Authority E2E Execution Notes

  • Recommended single-entry CLI:

    • python3 scripts/mlgg.py <command> [command-args]
    • Examples:
      • python3 scripts/mlgg.py init --project-root /tmp/mlgg_demo
      • python3 scripts/mlgg.py train --interactive
      • python3 scripts/mlgg.py interactive --command workflow --profile-name demo --save-profile
      • python3 scripts/mlgg.py workflow --request /tmp/mlgg_demo/configs/request.json --strict --allow-missing-compare
      • python3 scripts/mlgg.py authority --include-stress-cases
      • python3 scripts/mlgg.py benchmark-suite --profile release (recommended multi-dataset stability verdict)
      • python3 scripts/mlgg.py benchmark-suite --profile release --repeat 3 --registry-file references/benchmark-registry.json
      • python3 scripts/mlgg.py authority-release (recommended release stress path)
      • python3 scripts/mlgg.py authority-research-heart --stress-seed-min 20250003 --stress-seed-max 20250060 (research/high-pressure mode)
      • preset wrappers are fixed-route; conflicting route flags are rejected fail-closed
      • add --error-json for machine-readable failures (contract_version=mlgg_error.v1)
  • New-user order of operations:

    • init -> place split CSVs -> train (emit required evidence artifacts) -> workflow --strict --allow-missing-compare.
    • Follow-up reproducible runs should pass --compare-manifest <project>/evidence/manifest_baseline.bootstrap.json.
  • Interactive wizard defaults:

    • Supports init/workflow/train/authority.
    • Preview command before execution, then require one confirm step.
    • Train wizard defaults --include-optional-models to off; enable manually only when optional backends are installed.
    • Train wizard defaults --n-jobs to 1 for cross-platform stability; increase manually for multi-core runs.
    • Train wizard default artifact outputs are auto-scoped to split project base (<project>/evidence) inferred from train split path.
    • Train wizard emits --external-validation-report-out only when external_cohort_spec is provided.
    • Train wizard emits --feature-engineering-report-out only when feature_group_spec is provided.
    • Profile reuse:
      • --profile-name <name> --save-profile
      • --profile-name <name> --load-profile
      • --accept-defaults for non-blocking execution with defaults/profile values
    • Profile path defaults to ~/.mlgg/profiles (override with --profile-dir).
    • For workflow wizard, --strict is always injected and cannot be bypassed by interactive mode.
    • Workflow wizard first-run default enables --allow-missing-compare when no baseline manifest is provided/found.
    • Workflow wizard now auto-suggests evidence output under request project base (<project>/evidence when request is under configs/).
    • Authority wizard now defaults to release-grade stress path (--include-stress-cases --stress-case-id uci-chronic-kidney-disease);
      selecting uci-heart-disease is treated as advanced research/high-pressure mode.
  • Use isolated output paths in concurrent runs:

    • --summary-file
    • --stress-seed-cache-file
    • --stress-selection-file
  • Optional benchmark case switches:

    • --include-ckd-case (UCI Chronic Kidney Disease)
    • --include-large-cases (Diabetes130 large-cohort path)
    • --diabetes-target-mode {lt30,gt30,any} and --diabetes-max-rows
  • Stress dataset selection:

    • --stress-case-id {uci-diabetes-130-readmission,uci-heart-disease,uci-chronic-kidney-disease,uci-breast-cancer-wdbc}
    • default is uci-chronic-kidney-disease (most stable publication-grade stress path in current benchmark set)
  • Release benchmark blocking suites are authority_release_core + adversarial_fail_closed; authority_release_extended (Diabetes130) is kept as observational/non-blocking in release profile.

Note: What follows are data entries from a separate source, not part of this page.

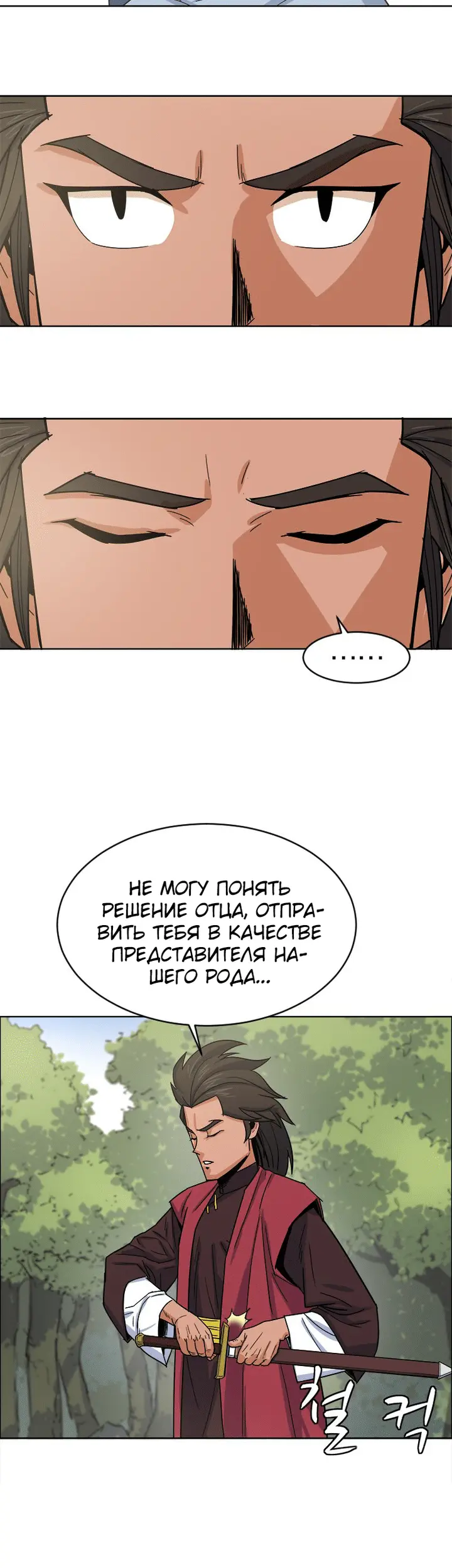 Страница 42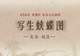 图知道|《写生蛱蝶图》:蛱蝶恋花 秋意初萌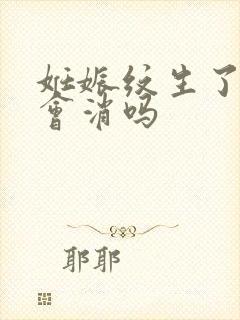 妊娠纹生了孩子会消吗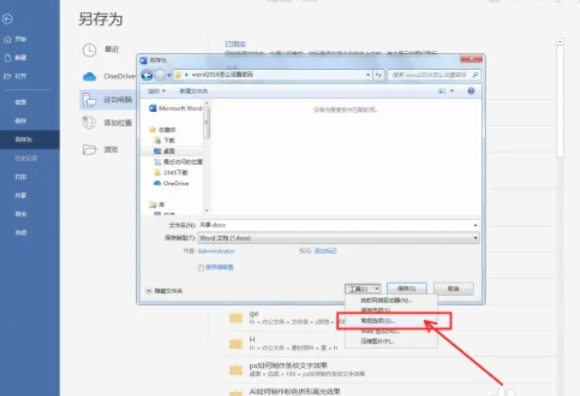 word2016,word2016最新下载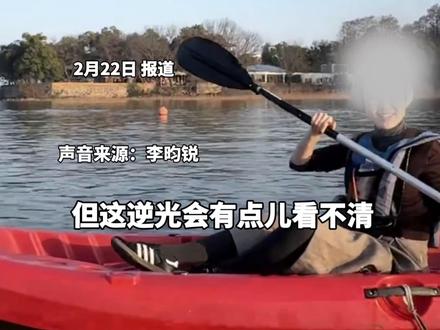 李昀锐现身武汉东湖,与网友泛舟互拍并指导拍照。网友:这是什么小说剧情照进现实。#网友东湖偶遇李昀锐互拍# (新闻来源:潇湘晨报 | 实习编辑:王佳玉 | 初审:张孟媛 | 复审:范思瑶 | 终审:刘鹏 | 校对:周正)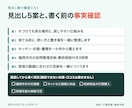 商品・サービスの紹介文を作成します 支給情報を整理し用途別の紹介文3種類に仕上げます イメージ4
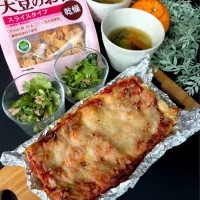 コスパタイパ抜群！大豆のお肉スライスタイプで簡単ラザニア|らぴすらずり(らぴ @lapi_mama)さん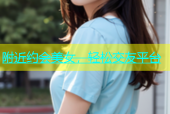 附近约会美女，轻松交友平台
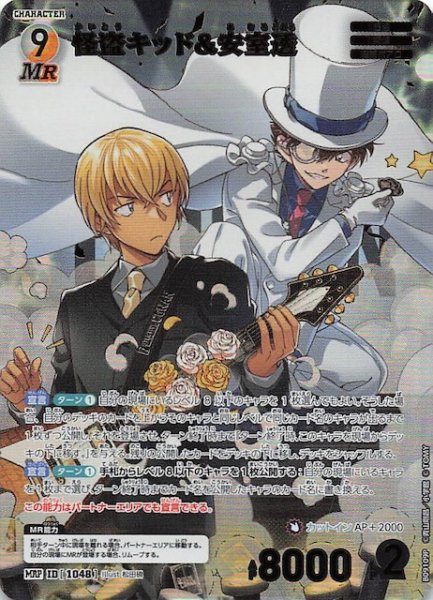 画像1: 【疾風の煌めき MRP】怪盗キッド&安室透　1048 (1)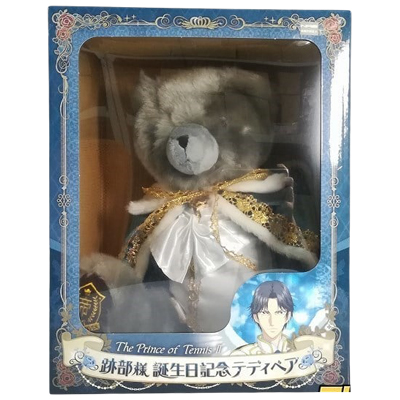 跡部様誕生日記念テディベア 限定 新テニスの王子様 ムービック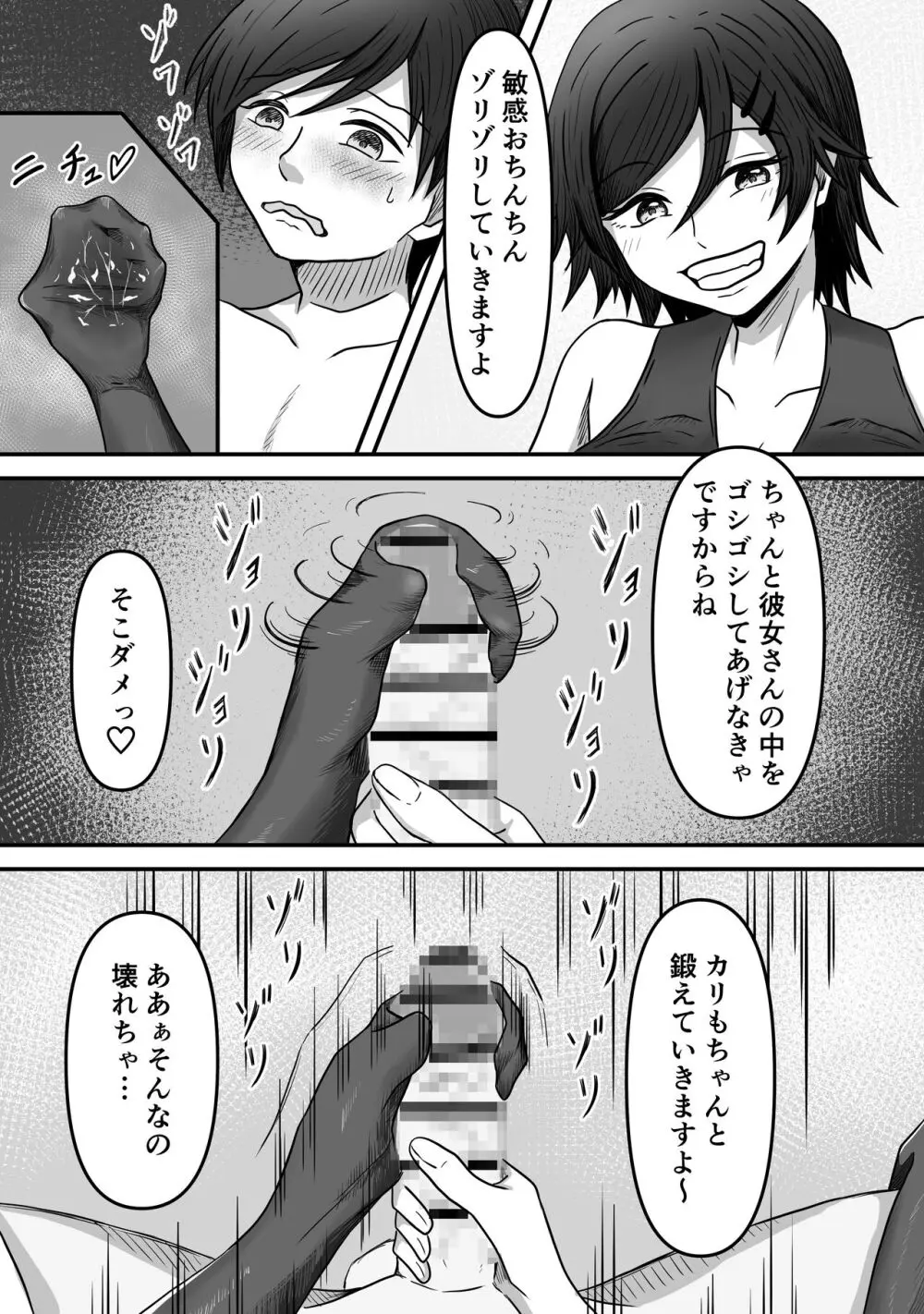 ちんトレ 立派なちんちん目指してトレーニングしてたつもりがマゾちん見抜かれて搾られちゃう話し 24ページ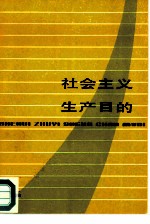 社会主义生产目的
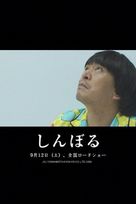 Shinboru - Japanese Movie Poster (xs thumbnail)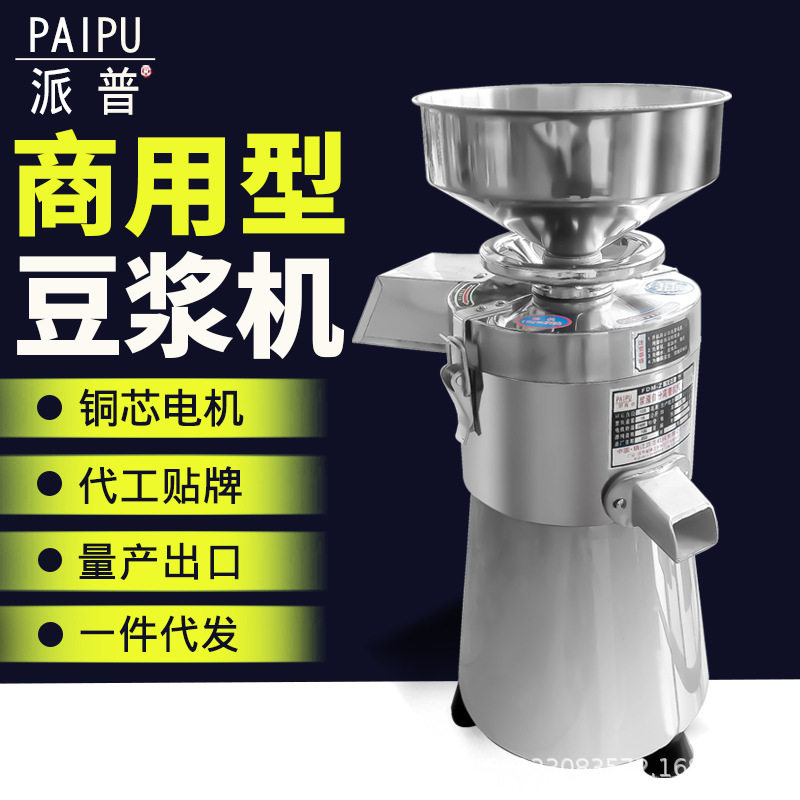 派普商用豆浆机豆制品米浆打浆机豆腐机家用渣浆分离100型磨浆机,搬运/仓储/物流设备,立体仓库设备,淘宝优惠券,粉丝福利购,淘宝优惠卷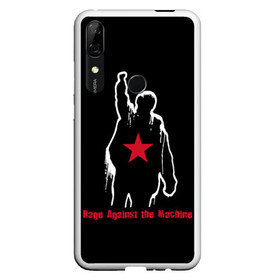 Чехол для Honor P Smart Z с принтом Rage Against the Machine в Курске, Силикон | Область печати: задняя сторона чехла, без боковых панелей | rage against the machine | альтернативный | америка | американская рок группа | брэд уилк | жанр | зак де ла роча | калифорния | лос анджелес | метал | музыка | ню метал | рок | рэп метал | рэп рок | рэпкор | сша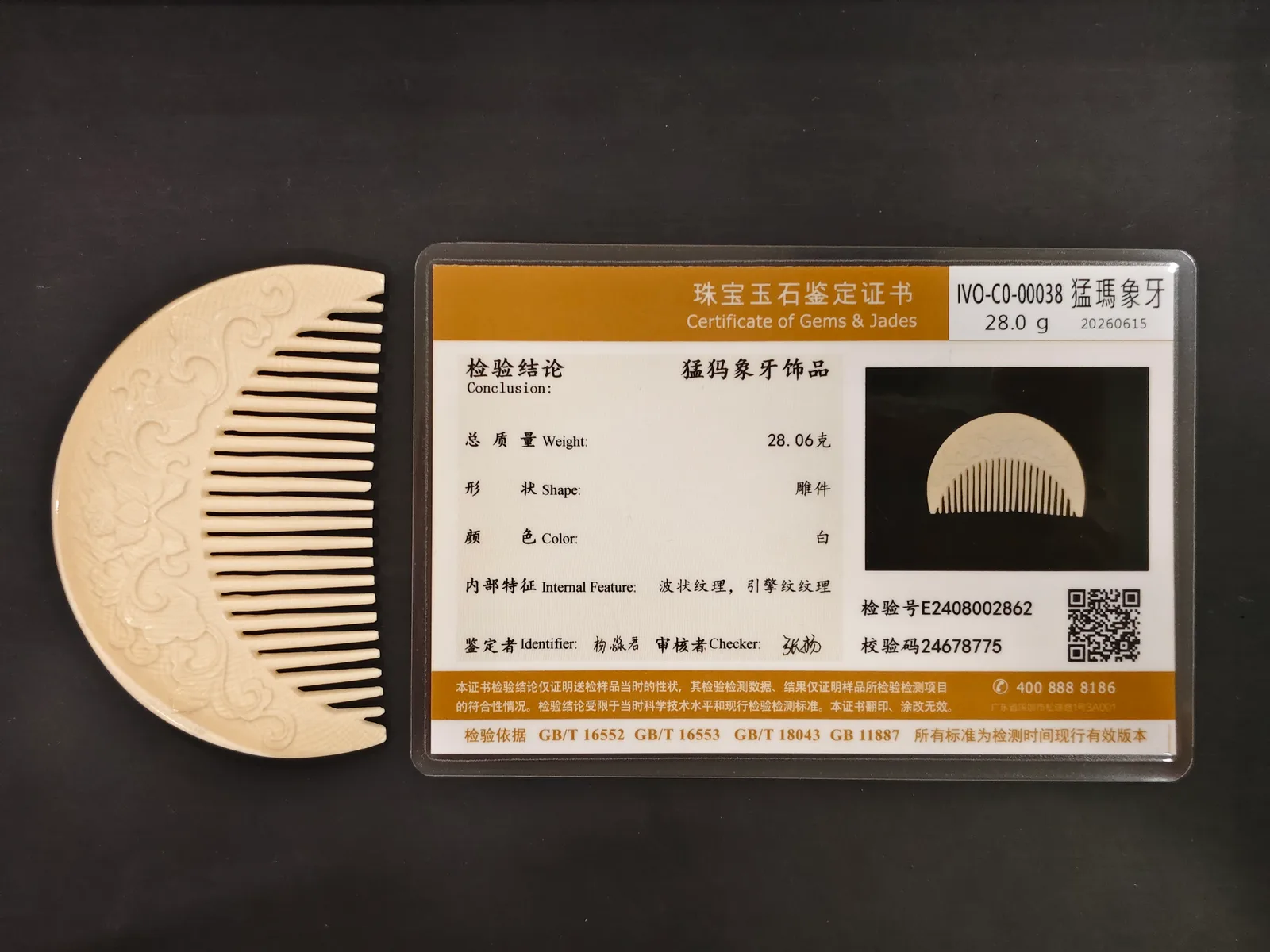 猛瑪象牙・牙雕梳子 IVO-C0-00038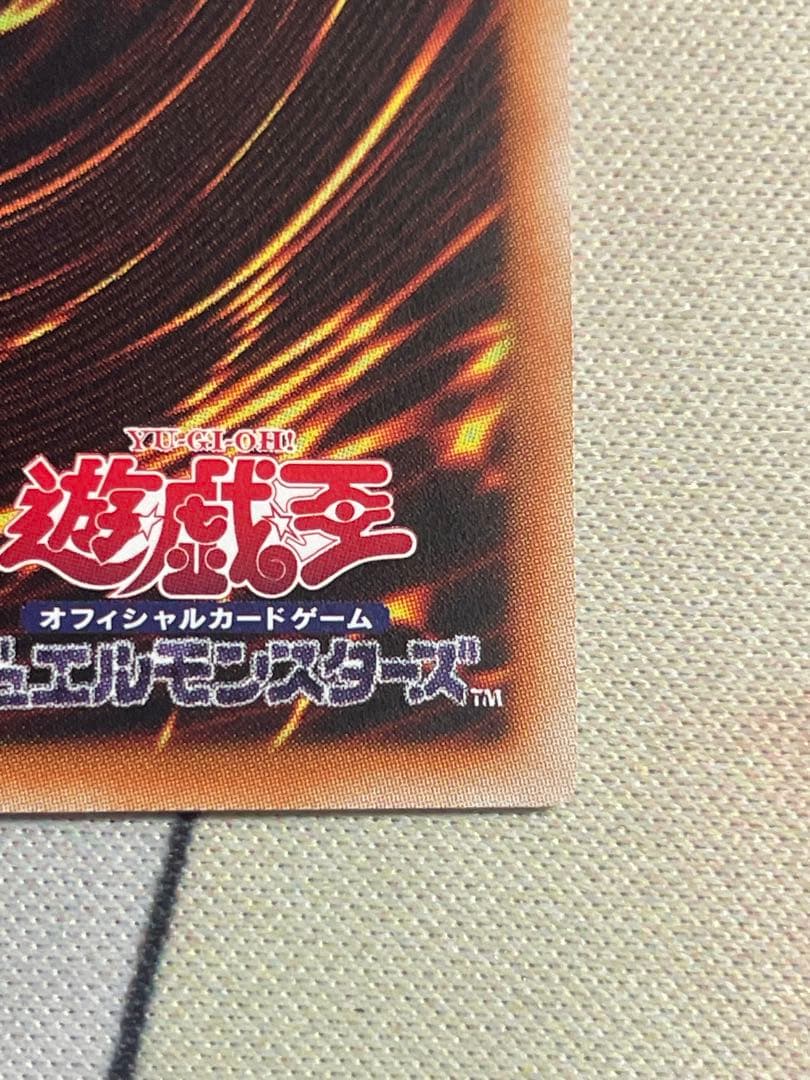 ガガガガールゼロゼロコール　オーバーフレーム　プリズマ　アジア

  • Non-blocking authority failures are summarized as observational_diagnostics in matrix report and written to *.observational_diagnostics.json sidecar.

  • Case-specific training configuration is enabled in authority E2E:

    • larger cohorts (e.g., Diabetes130) use expanded model pool (includes xgboost when installed), higher max-trials-per-family, and multi-core --n-jobs.
  • Use --run-tag to bind all generated stress artifacts to a unique execution token.

  • Stress seed-search profile bundles are selected with --stress-profile-set (default strict_v1).

  • --stress-seed-search applies only to --stress-case-id uci-heart-disease; other stress cases run without seed search.

  • CI coverage:

    • .github/workflows/ci-smoke.yml (push/PR/workflow_dispatch)
    • .github/workflows/ci-full.yml (nightly/workflow_dispatch release blocking benchmark-suite)
    • .github/workflows/ci-extended.yml (weekly/workflow_dispatch extended observational benchmark-suite)
  • Optional diabetes feasibility auto-scan on failure:

    • --auto-scan-diabetes-feasibility
    • --diabetes-feasibility-target-modes
    • --diabetes-feasibility-max-rows-options
    • --diabetes-feasibility-summary-dir
    • --diabetes-feasibility-report-file
  • Summary rows now include strict-pipeline root-cause fields for failed cases:

    • root_failure_code_primary
    • root_failure_codes
    • failed_steps
  • Summary rows now also include clinical_floor_gap_summary with internal/external floor margins
    (observed - required_min) for sensitivity/npv/specificity/ppv.

  • stress_seed_search_report v2 contract requires:

    • contract_version
    • run_tag
    • policy_sha256
    • search_profile_set
    • selected_profile
    • dataset_fingerprint
    • code_revision_hint

Deep Review Fix Log

Session 1 (Fixes applied to request_contract_gate.py, train_select_evaluate.py)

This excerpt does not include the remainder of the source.